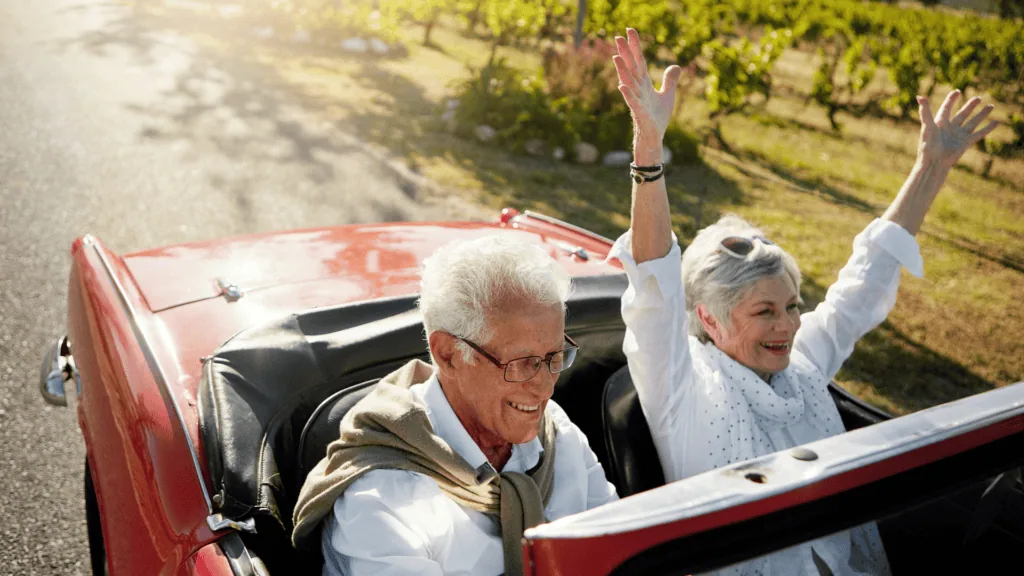 Retired comfortable in a convertible car on holidays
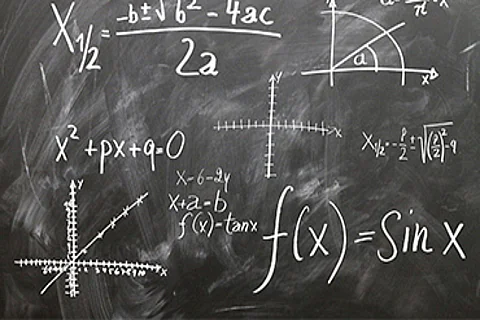 Na zdjęciu szara tablica z równaniami matematycznymi.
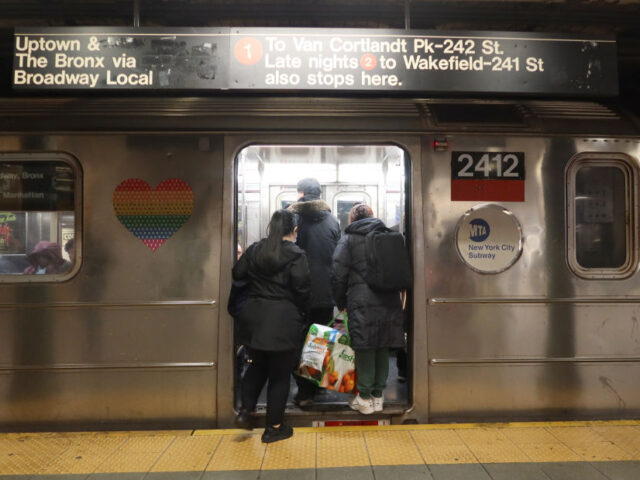 NEW YORK, NY - MARCH 27: People board a "1" line subway train at the Columbus Ci
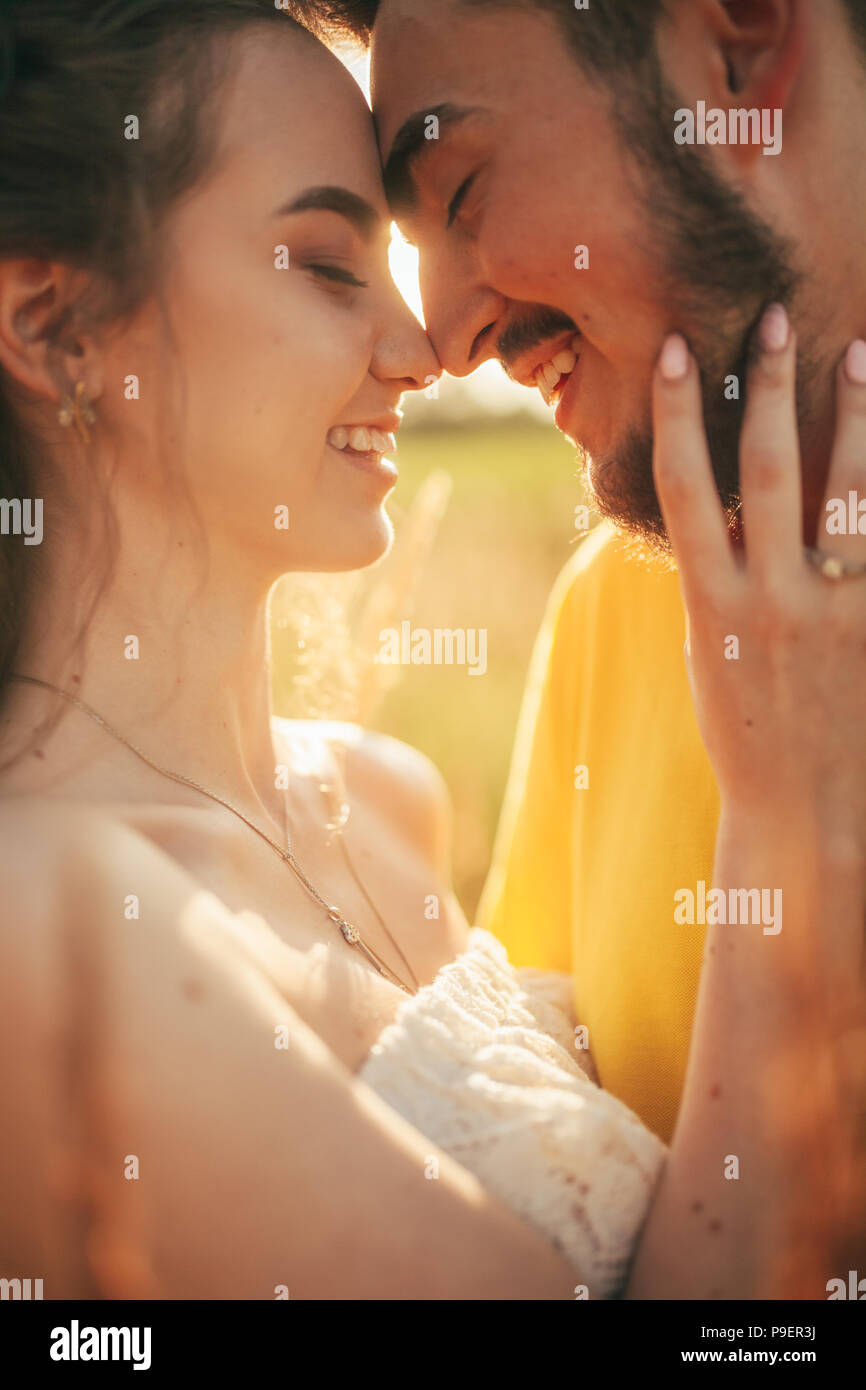 Portrait von lächelnden verliebte Paare an der Wiese. Mit Hintergrundbeleuchtung. Stockfoto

-----

## Action item:
Beginning with the line that contains "NEW YORK, NY", write out the remaining lines of the listing above through the last, exactly and only those, without pictures.

## Result of the task:
 NEW YORK, NY - MARCH 27: People board a "1" line subway train at the Columbus Ci
 Portrait von lächelnden verliebte Paare an der Wiese. Mit Hintergrundbeleuchtung. Stockfoto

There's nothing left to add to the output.